Now we’re ready to visualize a few entries in our data:

from matplotlib import pyplot as plt
import numpy as np

def viz_data(data, n_rows = 3, n_cols = 4):
    classes = ("cat", "dog")
    fig, axarr = plt.subplots(n_rows, n_cols, figsize = (10, 7))
    for i, ax in enumerate(axarr.ravel()):
        
        j = np.random.randint(0, 2000)
        # returns batch_size images with their labels
        X, y = train_data[j]

        # populate a row with the images in the batch
        for j in range(n_cols):
            img = np.moveaxis(X.numpy(), 0, 2) 
            ax.imshow(img )
            ax.axis("off")
            ax.set(title = classes[int(y)])

viz_data(train_data)

Although the classification task of “cat” vs. “dog” is simpler than last time, we can also see that the dat is somewhat messier. In particular, the images appear to come from a larger variety of different contexts. An important technical problem is that the images are of different sizes. In the supervized learning context this corresponds to a different number of features for each image, which is not workable for modeling. So, we need to resize our images to ensure that they all have the same number of features. This is handled by the Resize transform. The Normalize transform services to make the pixel values more comparable to each other (more formally, it scales the pixel values so that each image has mean pixel value 0 and variance 1).

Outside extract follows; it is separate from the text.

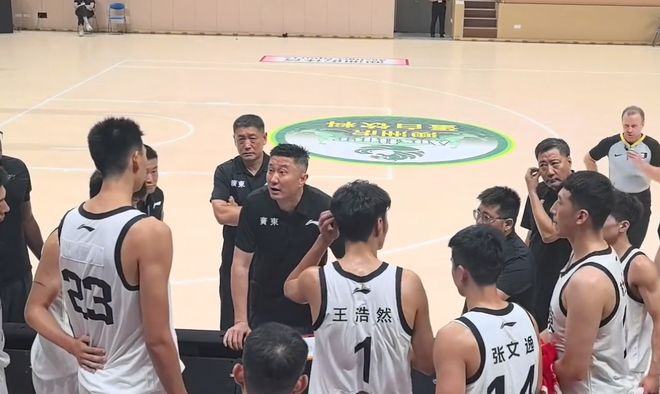 手指着杜锋回击！赛后，徐昕主动向杜锋道歉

Let’s define both our training and validation data sets with this new set of transforms:

IMG_SIZE = (64, 64)
transform = transforms.Compose([transforms.Resize(IMG_SIZE), 
                                transforms.ToTensor(), 
                                transforms.Normalize(0.0, 1.0)])

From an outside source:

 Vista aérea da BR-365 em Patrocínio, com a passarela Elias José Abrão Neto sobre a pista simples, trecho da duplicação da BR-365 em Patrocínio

train_data = ImageFolder(train_dir, transform = transform)
val_data = ImageFolder(val_dir, transform = transform)

If we now take a look, we can see that the resulting images are now all the same size, although some of them are a little blurry and others might be cropped in slightly strange ways.

viz_data(train_data)

Modeling

Now that we’ve prepared our data, we are ready to construct a model. First let’s wrap our data sets in data loaders to handle batching and randomization during training:

BATCH_SIZE = 16
train_loader = DataLoader(train_data, batch_size=BATCH_SIZE, shuffle=True)
val_loader   = DataLoader(val_data,   batch_size=BATCH_SIZE, shuffle=True)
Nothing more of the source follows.